In our first study, it is demonstrated that the movement of HeLa cells was temperately reduced after the addition of polyphenol EGCg. This phenomenon could be monitored in a completely noninvasive and label-free manner. With this experiment, we proved that our recently developed sample stage is an excellent tool for observing cell dynamical changes and monitoring the effects of chemical substances on living cells. In another experiment, the Holomonitor M4 was used to study cellular adhesion and spreading on nanostructured titanate coatings. A novel arrangement was developed to measure live cell behavior on spin-coated surfaces. We recorded the adhesion and spreading processes of the cells in real time. From the recorded data, we concluded that the averaged cell thickness and area detected by the instrument saturate after 30 min.

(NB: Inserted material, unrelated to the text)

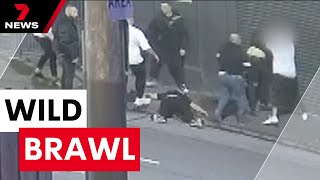 Detectives seek public’s help after wild Prahran brawl – One bikie arrested, others sought | 7NEWS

These results are clearly contradictive to previous investigations where the preosteoblast adhesion on these nanostructured surfaces was monitored by an optical biosensor.¹³ Based on these findings, we concluded that under certain thicknesses, relatively large parts of the cells (parts of the thin lamellipodium) slick into the background surface due to the limited vertical resolution of the optical arrangement. We determined the time-dependent corrected single-cell contact area and averaged thickness by the assumption that the cell volume is constant during the adhesion process. As the thin and transparent coating did not decrease the image quality, the Holomonitor could be used to demonstrate the effects of these types of coatings on the adhesion kinetics, migration, and morphology of living cells.

Our results clearly demonstrate that the recently introduced Holomonitor M4 has every potential to become an important tool in investigating cellular behavior on nanostructured coatings over long periods and under exposure to drugs or various natural compounds. Our new correction method for estimation of the undetected parts of lamellipodia resulted in more precise evaluations supported by earlier biosensor kinetic data.¹³ Measurements with a Holomonitor can be especially useful in combination with other novel label-free biosensing methods^21,22 to obtain a high content analysis of live cell morphology and behavior.